Les investisseurs parient sur un retour de l'inflation

Le retour de l'inflation perturbe les investisseurs en actions. ©REUTERS

Le plan de relance espéré aux États-Unis et les campagnes de vaccination font craindre une inflation plus forte. Les taux obligataires reflètent ces attentes.

Le retour de l'inflation s'invite désormais dans les pensées des investisseurs. Aux États-Unis, l'obligation gouvernementale à dix ans a touché 1,19%, un plus haut depuis mars 2020. Les perspectives de la fin d'un confinement grâce aux campagnes de vaccination contre le Covid-19 et le plan de relance espéré sous la présidence de Joe Biden font penser aux investisseurs que les consommateurs vont dépenser beaucoup, dans un futur proche. "Si le Covid-19 reste au cœur de l'équation, avec d'éventuels problèmes, comme des retards dans les campagnes de vaccination, qui pourraient remettre en cause les anticipations des marchés, les prix seront également à surveiller de près avec un rebond mécanique à attendre", a indiqué John Plassard, spécialiste en investissement pour Mirabaud.

Sur les marchés européens, les valeurs du secteur des transports, les titres bancaires et le compartiment de l'énergie, très exposés au cycle économique, ont aussi progressé en raison de ces perspectives. Le Stoxx 600 Banks a pris 1,37%, celui du pétrole et du gaz 0,75% et le compartiment des voyages et loisirs 1,34%.Les banques ont profité de la remonté des taux obligataires en Europe, qui ont accompagné le mouvement sur les taux américains.

"On observe un effet boomerang: l'attente de dépenses massives des États-Unis a fait monter la partie de long terme sur le marché obligataire américain, une situation qui s'explique par la crainte de voir une hausse des prix."
Sebastien Galy
Stratégiste poir Nordea Investment

Toutefois, les indices d'actions ont finalement battu en retraite, avec une clôture en baisse en Europe. Le Stoxx 600 a terminé quasi inchangé. "Ce que l'on observe c'est un effet boomerang: l'attente de dépenses massives des États-Unis a fait monter la partie de long terme sur le marché obligataire américain, une situation qui s'explique par la crainte de voir une hausse des prix" dans le pays, signale Sebastien Galy, stratégiste macro pour Nordea Investment. Cette inflation pourrait à terme se traduire par un resserrement de la politique monétaire de la Banque centrale américaine, une perspective qui ne réjouit pas les investisseurs.

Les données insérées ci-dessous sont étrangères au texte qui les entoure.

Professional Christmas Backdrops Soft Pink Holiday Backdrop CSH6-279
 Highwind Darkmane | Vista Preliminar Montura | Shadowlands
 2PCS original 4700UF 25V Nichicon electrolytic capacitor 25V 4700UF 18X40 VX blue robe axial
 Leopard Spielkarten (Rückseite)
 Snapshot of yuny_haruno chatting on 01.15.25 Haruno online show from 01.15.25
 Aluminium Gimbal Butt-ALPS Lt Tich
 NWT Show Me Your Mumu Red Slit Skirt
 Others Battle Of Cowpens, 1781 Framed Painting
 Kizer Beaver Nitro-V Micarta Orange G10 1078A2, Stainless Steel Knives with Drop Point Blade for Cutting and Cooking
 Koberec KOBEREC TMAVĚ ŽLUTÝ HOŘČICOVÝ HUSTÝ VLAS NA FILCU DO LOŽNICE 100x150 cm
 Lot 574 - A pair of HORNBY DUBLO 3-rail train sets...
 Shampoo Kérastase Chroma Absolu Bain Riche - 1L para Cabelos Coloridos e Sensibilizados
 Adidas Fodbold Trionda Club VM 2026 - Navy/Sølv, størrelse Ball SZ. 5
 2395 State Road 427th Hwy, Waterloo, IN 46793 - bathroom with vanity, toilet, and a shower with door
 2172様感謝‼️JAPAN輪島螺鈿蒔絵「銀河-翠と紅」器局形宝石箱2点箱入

L'or a lui aussi reculé après la forte hausse des taux longs américains. L'once de métal jaune a laché 0,13% à 1841,41 dollars à Londres ce mardi.

Une inflation à court terme

Plusieurs analystes estiment cependant que l'inflation attendue sur les marchés s'avérera à court terme. Une membre du conseil d'administration de la Banque centrale européenne, Isabel Schnabel, a déclaré qu'une hausse à court terme de l'inflation n'aurait pas d'impact important sur ses décisions, ajoutant qu'elle s'attendait plutôt à une hausse trop lente des prix. Autrement dit, les investisseurs prévoient encore une politique très accommodante des banques centrales.

Du côté de la Réserve féderale américaine, selon des enquêtes d'économistes, la mesure d'inflation préférée de la banque centrale ne devrait dépasser son objectif de 2% même d'ici 2022. Rappelons que les responsables de la Fed disent vouloir voir l'inflation rester au-dessus de ce niveau pendant un certain temps avant d’augmenter les taux d’intérêt.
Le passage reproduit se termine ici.